** Opening Raw data block **

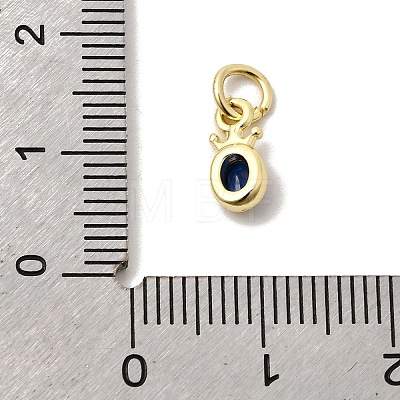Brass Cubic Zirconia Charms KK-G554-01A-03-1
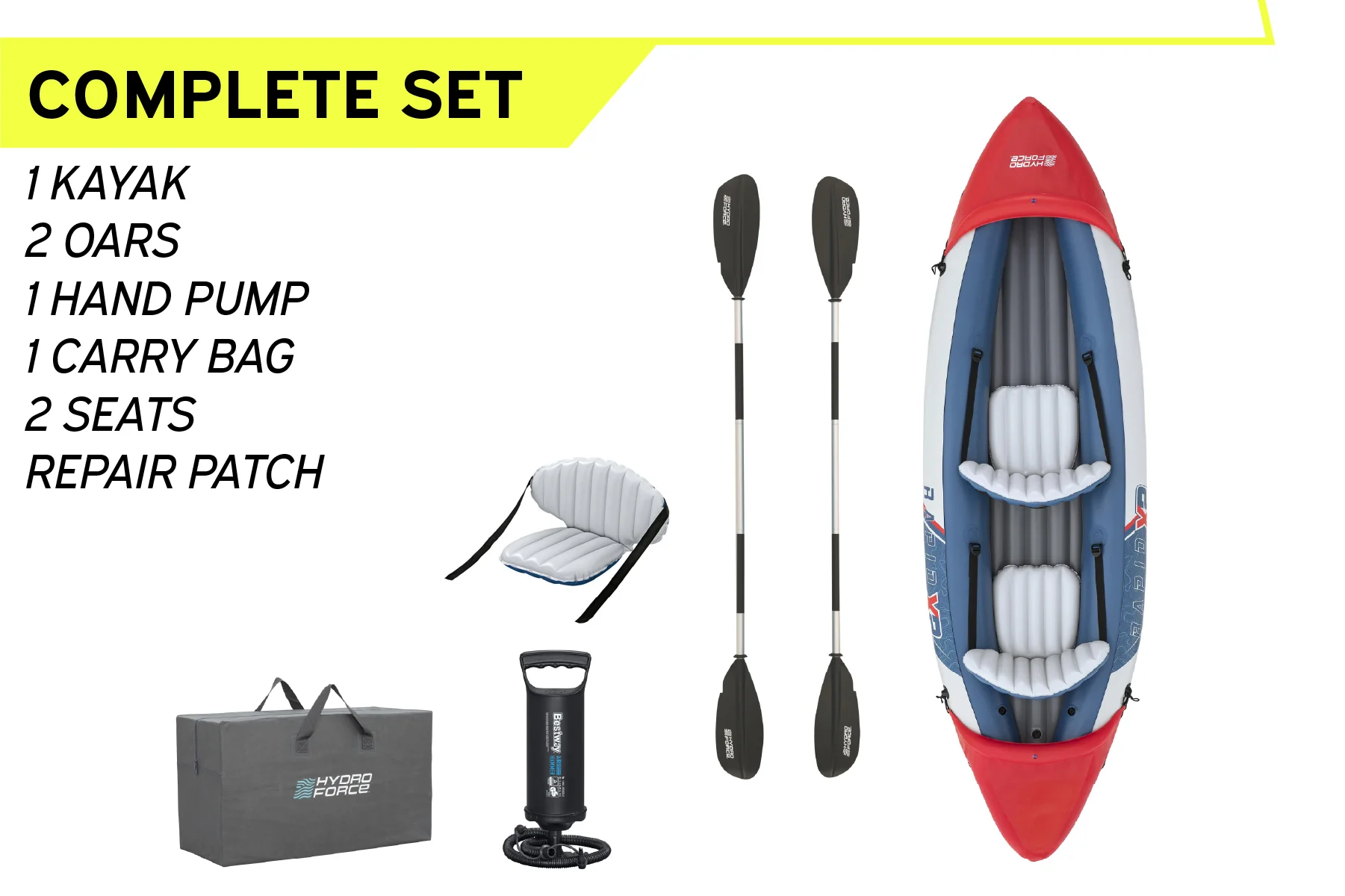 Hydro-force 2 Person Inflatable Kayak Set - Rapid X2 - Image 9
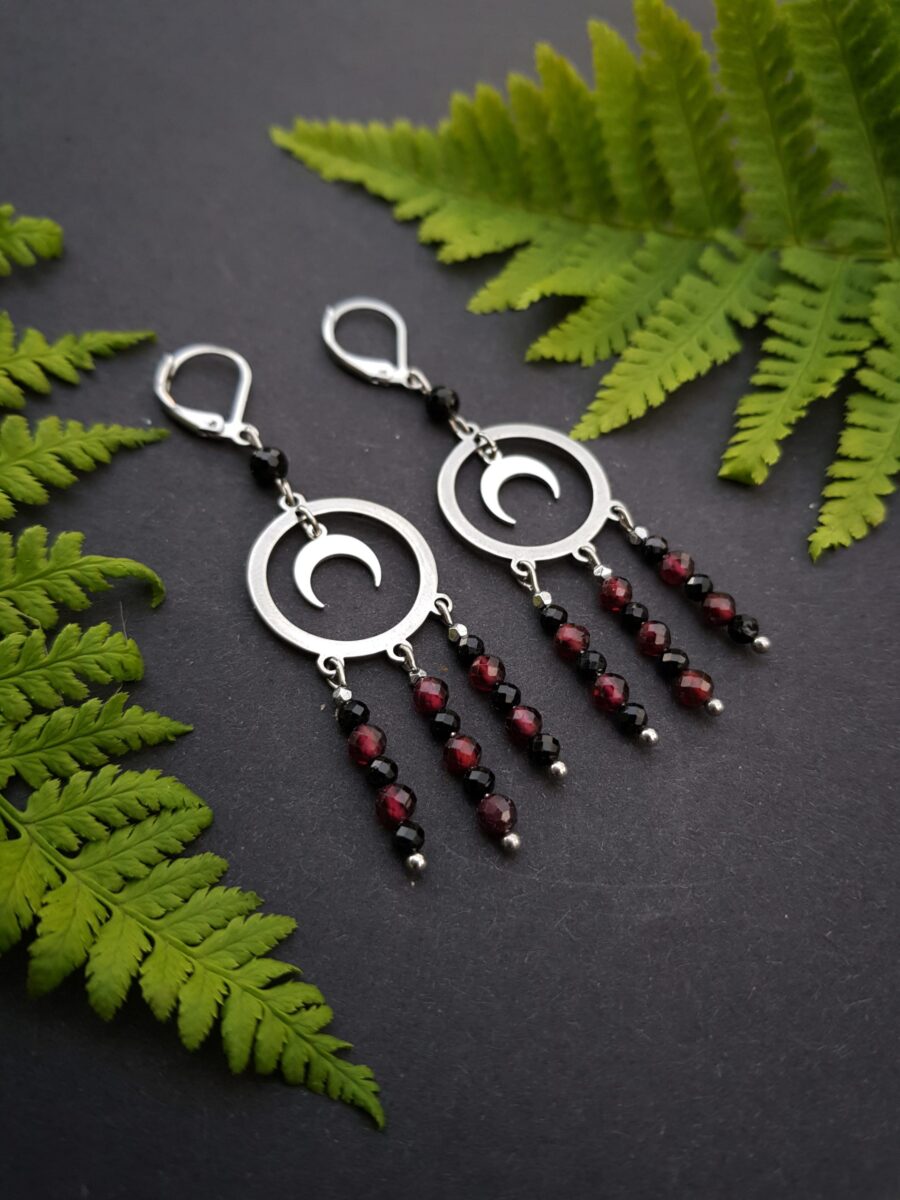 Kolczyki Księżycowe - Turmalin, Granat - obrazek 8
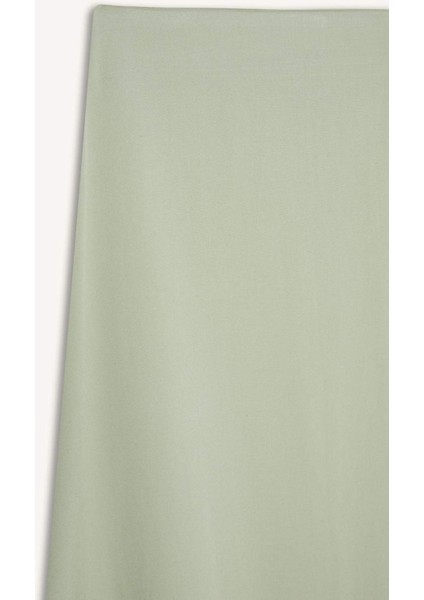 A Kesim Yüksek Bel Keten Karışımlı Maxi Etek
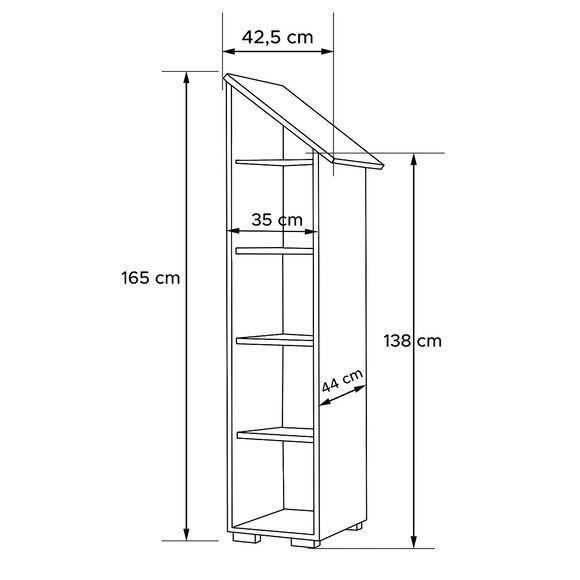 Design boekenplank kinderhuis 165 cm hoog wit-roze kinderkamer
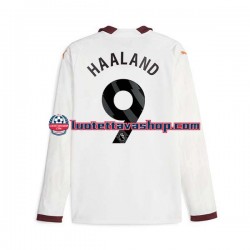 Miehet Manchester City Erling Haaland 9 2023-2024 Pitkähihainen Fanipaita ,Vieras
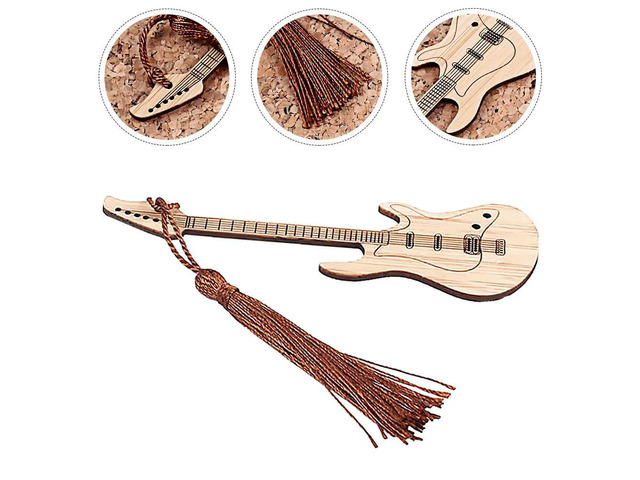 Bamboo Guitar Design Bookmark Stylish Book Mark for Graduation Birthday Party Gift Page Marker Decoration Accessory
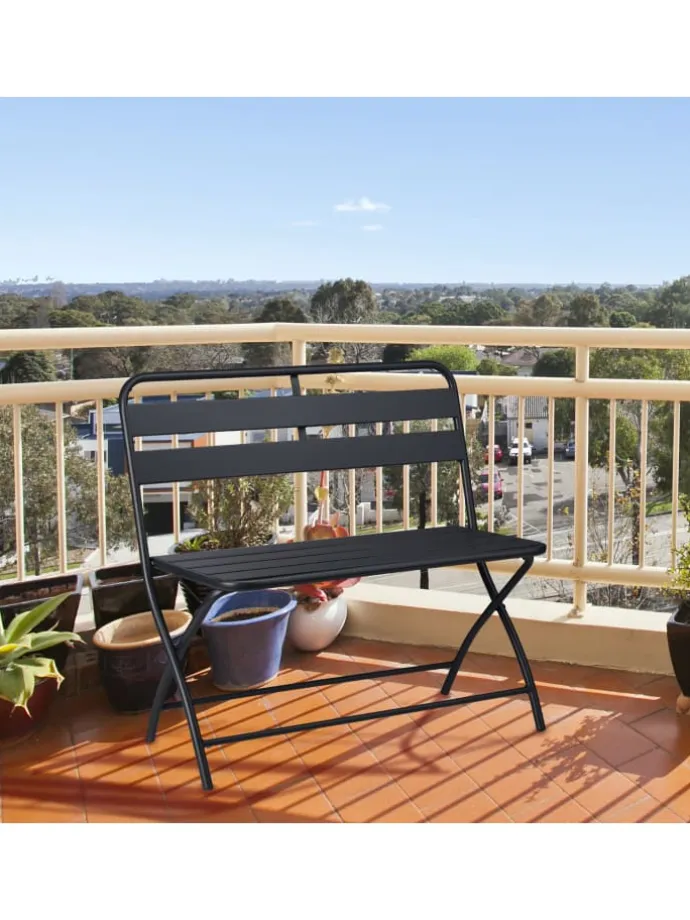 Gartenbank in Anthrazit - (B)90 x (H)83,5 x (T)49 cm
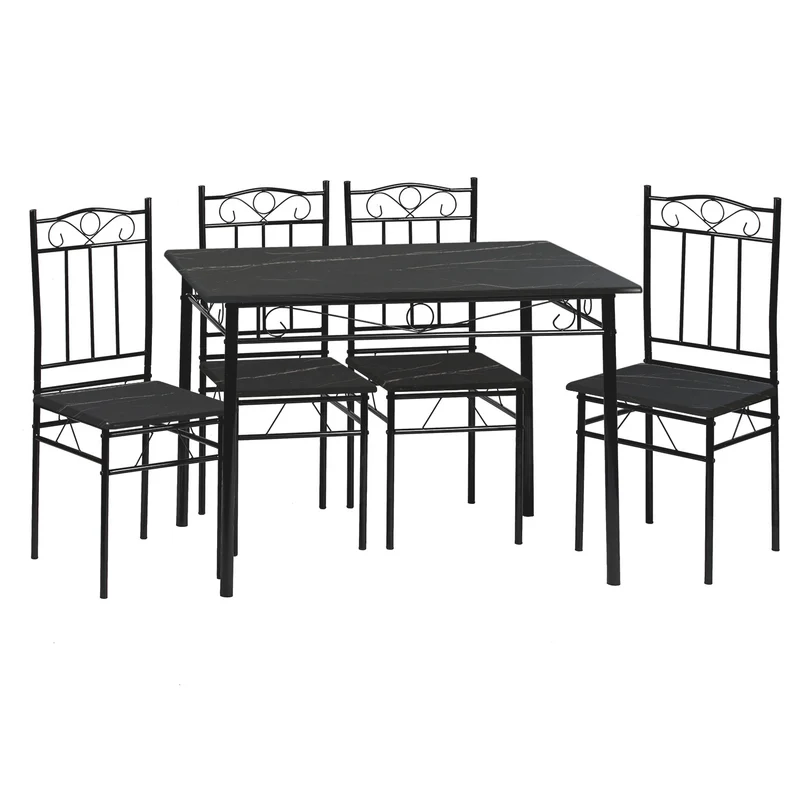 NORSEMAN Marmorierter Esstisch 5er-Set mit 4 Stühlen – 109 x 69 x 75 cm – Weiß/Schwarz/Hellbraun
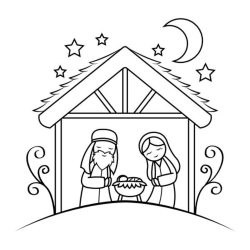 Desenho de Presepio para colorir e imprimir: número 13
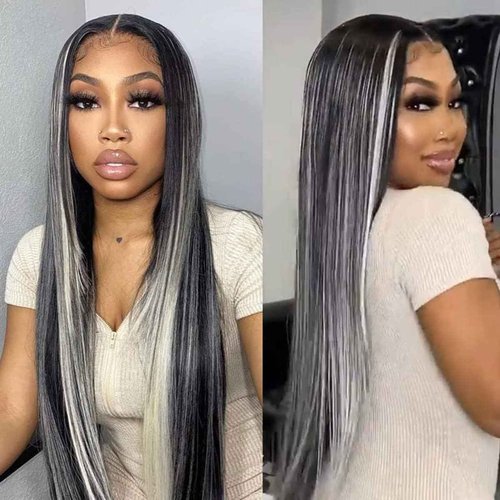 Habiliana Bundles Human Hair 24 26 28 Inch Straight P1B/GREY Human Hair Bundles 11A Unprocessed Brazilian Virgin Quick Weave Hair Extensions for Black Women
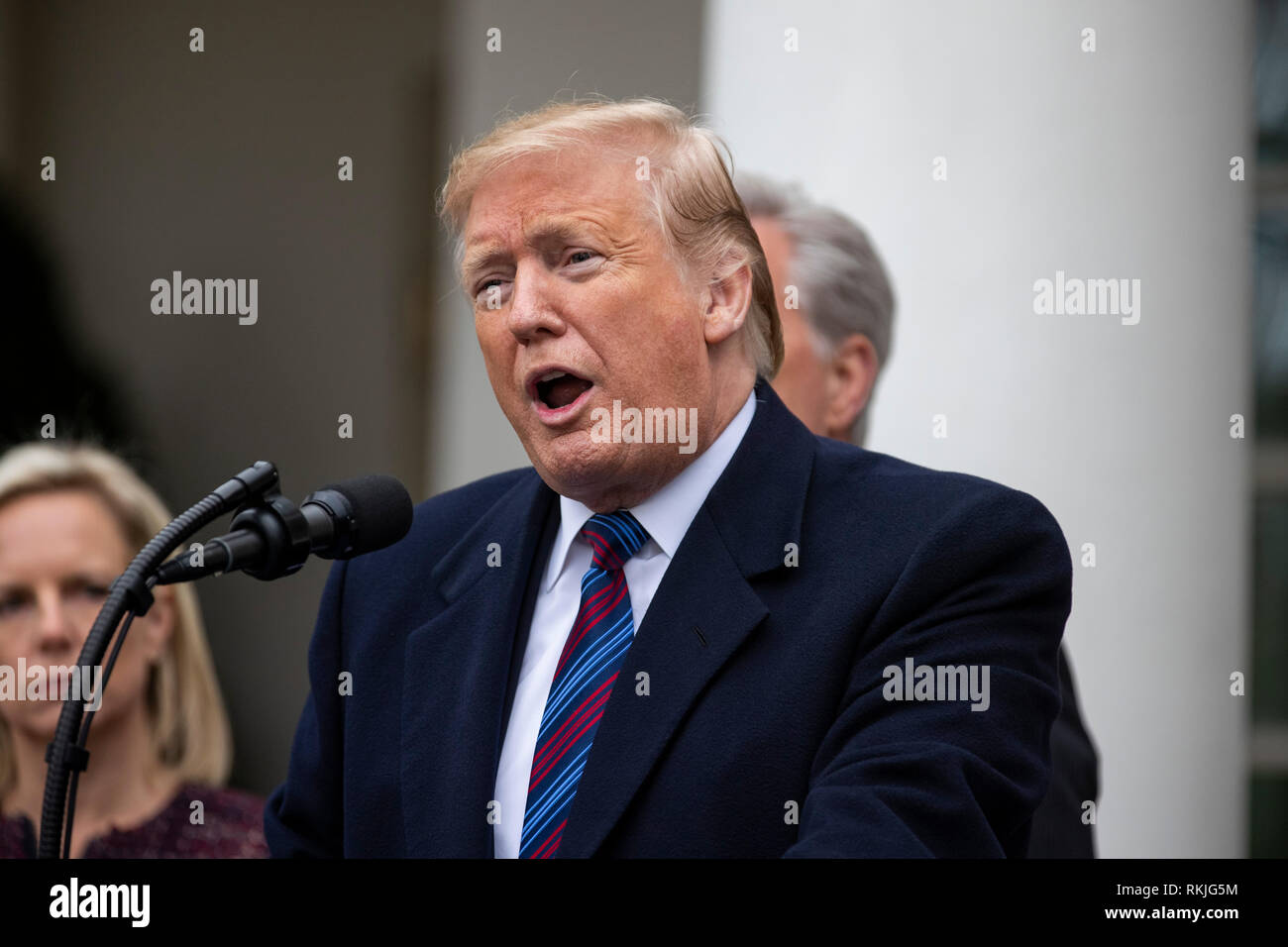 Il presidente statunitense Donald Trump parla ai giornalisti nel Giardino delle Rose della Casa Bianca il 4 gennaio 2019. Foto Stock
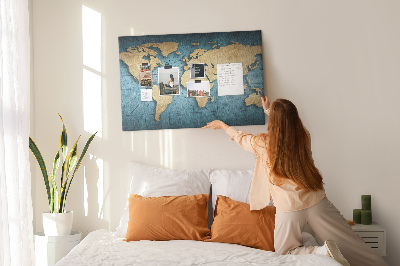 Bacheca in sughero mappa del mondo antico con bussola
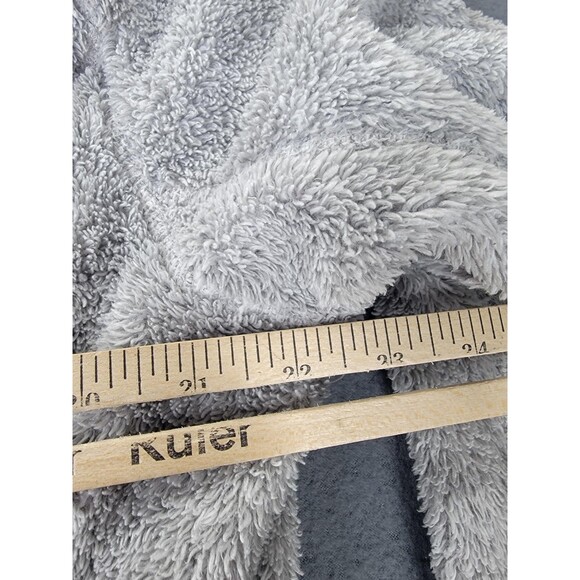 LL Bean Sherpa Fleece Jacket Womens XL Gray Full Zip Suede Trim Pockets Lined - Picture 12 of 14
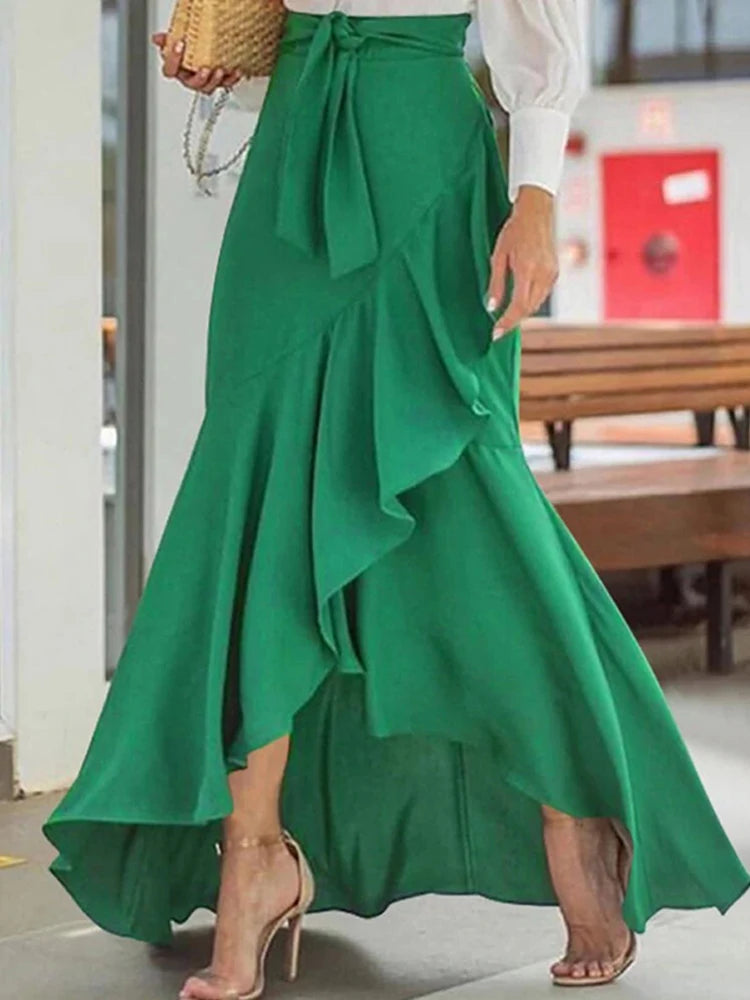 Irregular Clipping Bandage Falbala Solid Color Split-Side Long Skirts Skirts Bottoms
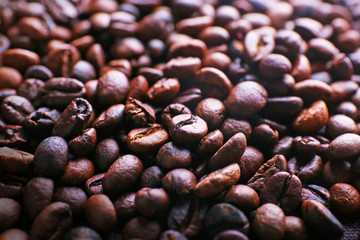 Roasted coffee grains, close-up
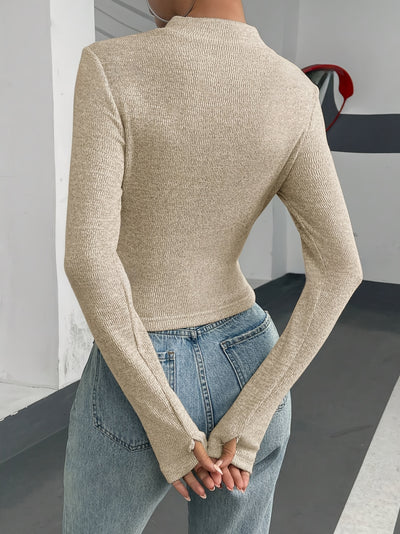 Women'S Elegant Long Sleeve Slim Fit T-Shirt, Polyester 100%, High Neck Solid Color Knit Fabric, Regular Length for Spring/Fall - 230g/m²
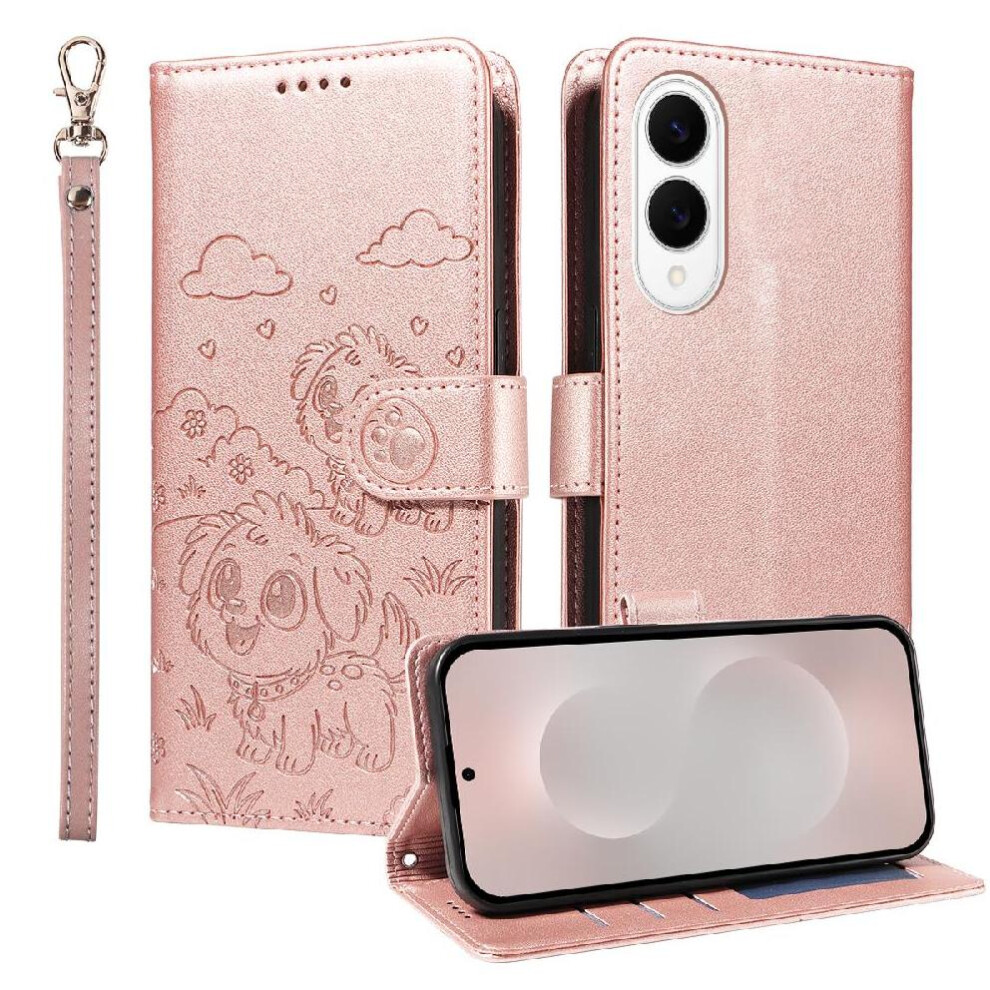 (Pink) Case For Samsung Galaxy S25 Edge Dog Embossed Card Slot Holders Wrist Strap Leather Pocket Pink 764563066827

** Closing Raw data block **

▶ [Work required]
Nothing but the lines above, starting at the line that contains "Kolczyki Księżycowe - Turmalin, Granat" and ending at the line that contains "Gartenbank in Anthrazit", should be given again, exactly and without the pictures.

▶ [Output for this task]
 Kolczyki Księżycowe - Turmalin, Granat - obrazek 8
 A Kesim Yüksek Bel Keten Karışımlı Maxi Etek
 Design boekenplank kinderhuis 165 cm hoog wit-roze kinderkamer
 Miehet Manchester City Erling Haaland 9 2023-2024 Pitkähihainen Fanipaita ,Vieras
 Bamboo Guitar Design Bookmark Stylish Book Mark for Graduation Birthday Party Gift Page Marker Decoration Accessory
 Gartenbank in Anthrazit - (B)90 x (H)83,5 x (T)49 cm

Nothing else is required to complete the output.